Yo, como soy escéptico de que muchos de esos carteles tengan un correlato fílmico, más de una vez estuve tentado de bajarme los pantalones y apuntar mis nalgas al ojo eléctrico, allá arriba. Esa, mi sonrisa vertical que les ofrendaría a los comerciantes, ¿no respondería al taimado mensaje de velada amenaza, pero devuelto con un original toque de gracia? (Pues tu panóptico funciona, dear Jeremy, verás que aunque lo pensé nunca me animé a saludarlos de manera tan “vellamente” impúdica.)

jueves, 7 de mayo de 2015

El hombre gastado


De chico, recuerdo el domingo en que mi vecino me invitó, en el auto de su padre y con su hermano, a pescar en “lo del Viejo Llesca”. Por su terreno, ya en el campo, cruzaba un arroyito bucólico, y el hombre trataba de ganarse unos pesos con esa modesta atracción. Por eso había un cartelito colgado de la tranquera de su ranchito que decía algo así como “Para pasar al río $ 5”. Recuerdo que el padre de mi amigo, que era bastante usurero, le llevó como obsequio una botella de vino tinto nacional, ahorrándose con esta “gentileza” de pagar cuatro “pases”. Unas tres horas después, cuando nos volvíamos, nos bajamos del auto para saludar al viejo, que seguía allí tal como lo vimos cuando llegamos: sentado en una silla de paja, bajo un árbol, inmóvil como un buda telúrico en pleno trance contemplativo del vacío de la llanura.
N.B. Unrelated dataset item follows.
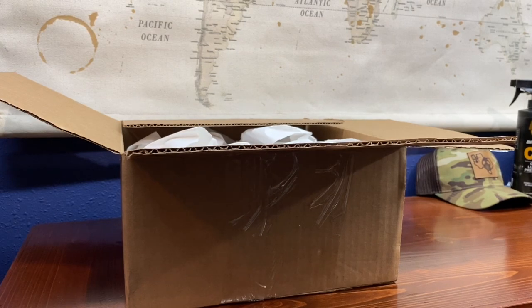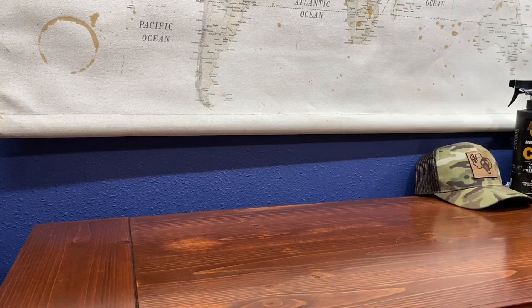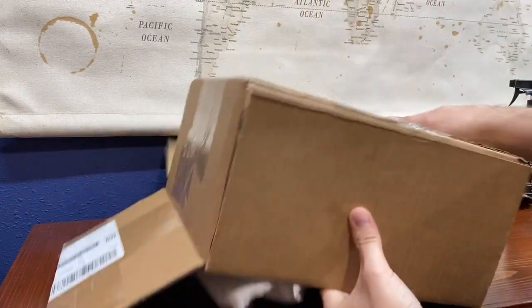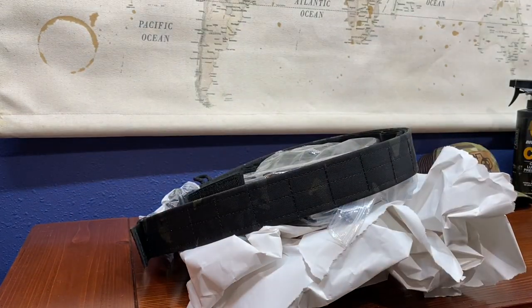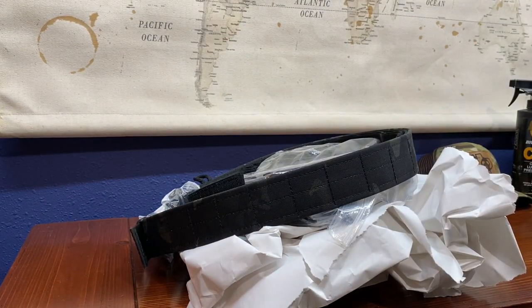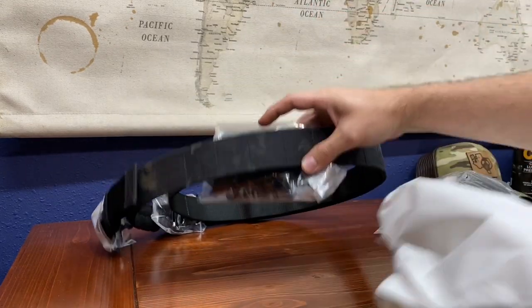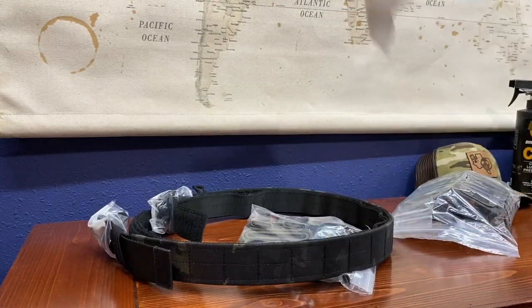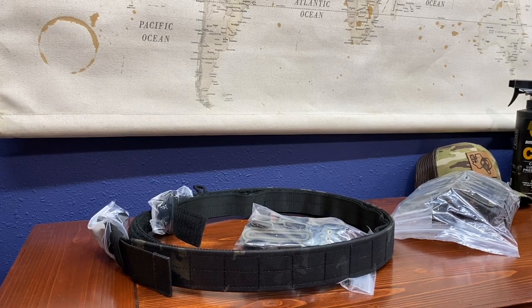We have three soft-shell Scorpion rifle mag carriers and two soft-shell Scorpion pistol mag carriers — the tall ones. Let's check it out. I'm just going to dump this on the table and see what we got.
Parco en gestos y palabras, aceptó con una sonrisa mansa nuestra cordialidad. De regreso en el auto, yo, que lo veía por primera vez, comenté algo sobre su condición de inmovilidad, que traducido por un criollista sería “el anciano se confundía con el paisaje”. “Está gastado”, me dijo el padre de mi amigo, y me explicó que así quedaban los hombres de campo, luego de una vida de trabajar a la intemperie en las tareas rurales. “Y así como lo ves, capaz que no tiene más de cincuenta”, me dijo mirándome por el espejito. Yo giré mi cabeza para verlo una última vez por la luneta trasera del auto, mientras atravesábamos la tranquera de entrada: el viejo parecía un muñeco de cera custodiando su propio museo.